Кинематограф патологий нового века считает человекоглодство совершенно рядовым событием. Маньяков теперь ловят такие же отмороженные психопаты, и уже все вместе говорят взбаламученному обывателю: «Твое здоровье, Коко».
И смотрят в упор, с мягким сожалением.
«Человек-оркестр»
Франция, 1970. L’Homme Orchestre. Реж. Серж Корбер. В ролях Луи де Фюнес, Оливье де Фюнес. Прокат в СССР – 1973 (32,7 млн чел.)
Пташки из шоу-данс-группы де Фюнеса дали обет безбрачия, но втайне пошаливают. Образовавшегося ниоткуда младенца норовят скинуть на попечение самого балетмейстера – коль уж он вздумал во всеобщего папеньку играться.
Семидесятые в европейской культуре ознаменовались окончательным упразднением каких-либо проблем. По экранам порхали рекламные стайки мимишек-танцовщиц в брючках клеш, воротниках апаш и кепках с гигантским козырьком детсадовских расцветок. Они лупали ресницами, делали канканные па и в самых зрелых возрастах изображали цветник умственно отсталых крошек. Фраза «Я монах в синих штанах, в желтой рубашке, в сопливой фуражке», опубликованная Диной Рубиной в «Юности» в повести с характерным названием «Когда же пойдет снег», как будто касалась одновременно всех женских плясовых коллективов планеты.
Мужчина на этом фоне инфантилизировался и из мюзикла почти испарился, мелькая на периферии сюжета во имя комических номеров. В «Человеке-оркестре» его швыряли на татами, гоняли по миру с барабаном и приспосабливали к кормлению младенцев из бутылочки (немудрено, что исполнитель второй главной роли Оливье де Фюнес вскоре послал кино к черту и ушел в пилоты Air France).
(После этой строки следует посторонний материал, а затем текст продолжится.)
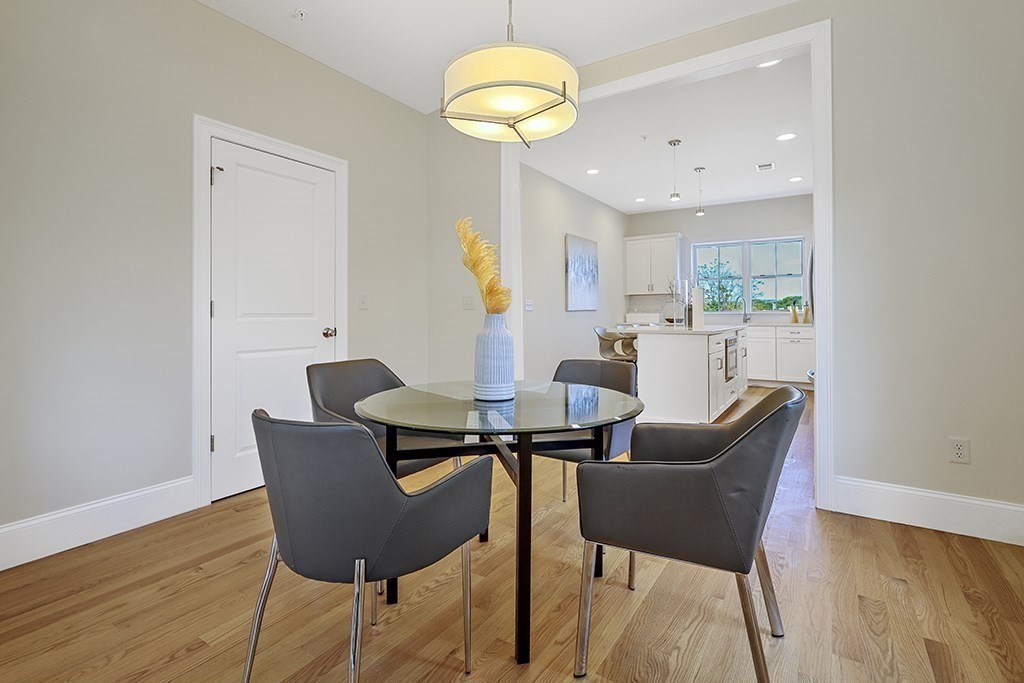 68 Chestnut Street # 4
Де Фюнес-senior дирижировал этой монашьей обителью, как детским садом благородных девиц, распределял калории, читал на ночь сказки про волка с ягненком, патрулировал после отбоя спальни ради добрых сновидений и сгонял своим пичужкам вес на велотренажере. Откуда в этой воркующей богадельне завелся младенец, так никто и не узнал, да в 70-х это было и неважно. Только старомодная Сицилия гневно интересовалась личностью отца, для передовой Франции фольклорный термин «ветром надуло» обозначал господствующий взгляд на брак и семью.